Je tiens à remercier votre commission des lois, et d'abord son président et votre rapporteur, pour la promptitude et l'esprit de responsabilité avec lesquels ils ont accepté d'examiner ces projets de texte et de les approuver. Il était essentiel de faire preuve de cohésion autour des principes républicains : votre président et votre rapporteur ont répondu immédiatement aux préoccupations que j'exprimais au nom du gouvernement. Je leur en sais gré.

Le gouvernement saura faire bon usage des nouveaux outils que vous accepterez - j'en suis sûr - de mettre à sa disposition. Votre approbation ne saurait constituer un blanc-seing, mais portera témoignage du fait que, face à la menace terroriste, nous aurons su opposer l'unité nationale.


En vous présentant ce projet de loi - et bien conscient que la sécurité ne relève pas pour l'essentiel de la loi - j'avais un seul objectif : vous soumettre, en vue de leur adoption, des dispositions concrètes et opérationnelles, et permettre ainsi aux policiers d'accomplir leurs missions dans de meilleures conditions, et ce faisant de mieux répondre encore aux attentes de nos concitoyens.

Il me semble que l'objectif a été pleinement atteint et même au-delà.

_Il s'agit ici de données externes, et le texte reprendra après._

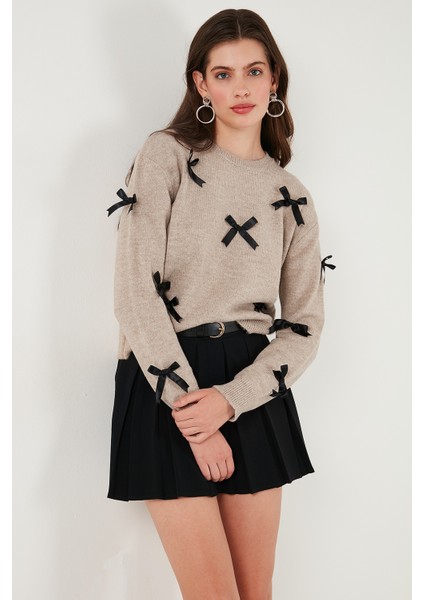 Premium Regular Fit Bisiklet Yaka Fiyonk Detaylı Triko Kazak Bayan Kazak 680KZ00155 indirimleri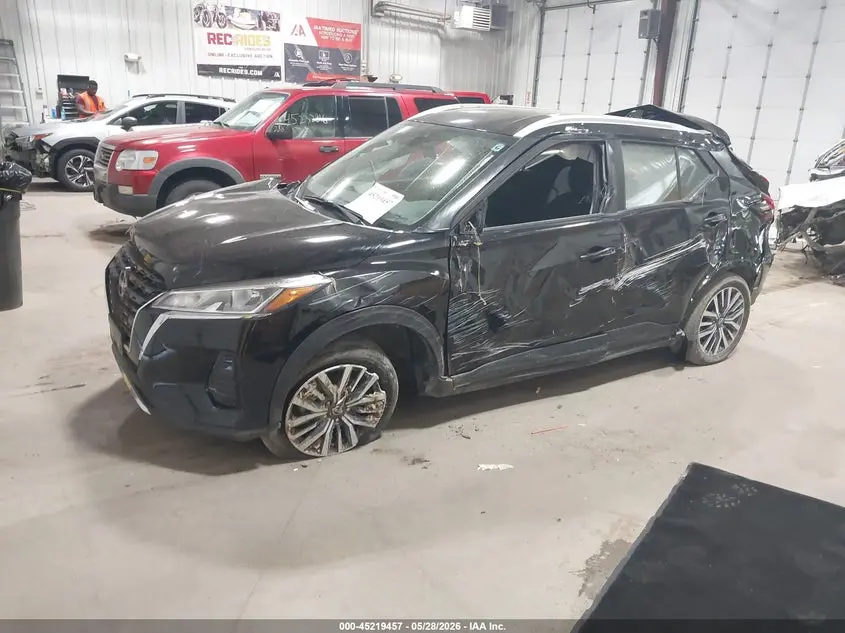 2024 NISSAN KICKS SV XTRONIC CVT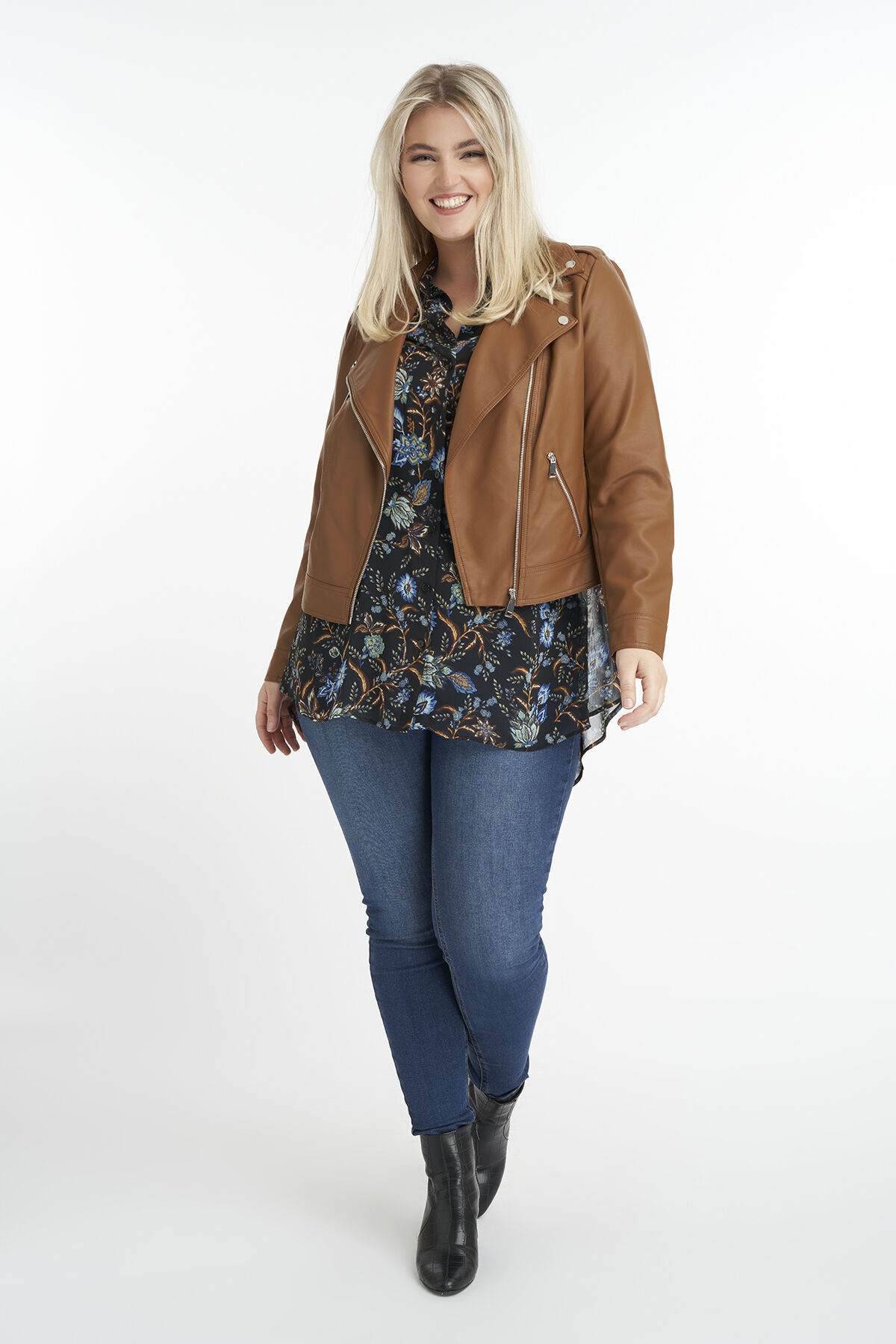 Chaqueta motera de cuero sint&eacute;tico image number 5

Grâce à un travail parlementaire approfondi dont l'ancien ministre des relations avec le Parlement ne peut que se féliciter, ce projet de loi aura été sensiblement enrichi.

Surtout, ce projet de loi va permettre d'apporter des réponses précises et immédiates à des problèmes concrets d'insécurité et de délinquance, dans des domaines où la sécurité de nos concitoyens dans leur vie quotidienne est trop souvent menacée : utilisation frauduleuse des cartes de paiement, animaux dangereux, armes, insécurité routière, épaves, menaces ou agressions à l'encontre des usagers des transports publics ou à l'égard des résidents dans les parties communes des immeubles, et, désormais, les dispositions nouvelles de lutte renforcée contre le terrorisme.

Renforcement des moyens d'action des services de police et de gendarmerie, meilleure réponse aux attentes des Français en matière de sécurité, nous aurons fait ¿uvre utile avec cette loi en apportant des solutions à de vraies questions de sécurité quotidienne.

Mais par delà les divergences d'appréciation sur tel ou tel point, nous aurons aussi, au long de ces débats, par un accord sur l'essentiel, montré que la sécurité n'est ni de droite, ni de gauche.

Nous aurons montré que la lutte contre l'insécurité et la violence est et doit être l'affaire de tous.

Nous aurons montré que ce combat, loin de nous diviser, doit nous rassembler, autour des mêmes principes et des mêmes valeurs, dans la lutte contre la délinquance au quotidien, comme dans la lutte contre ceux qui veulent anéantir nos démocraties.

Ce n'est que par une telle mobilisation collective que nous pourrons faire reculer toutes les formes d'insécurité et faire en sorte que la sécurité, condition du plein exercice des libertés, soit assurée partout et pour tous.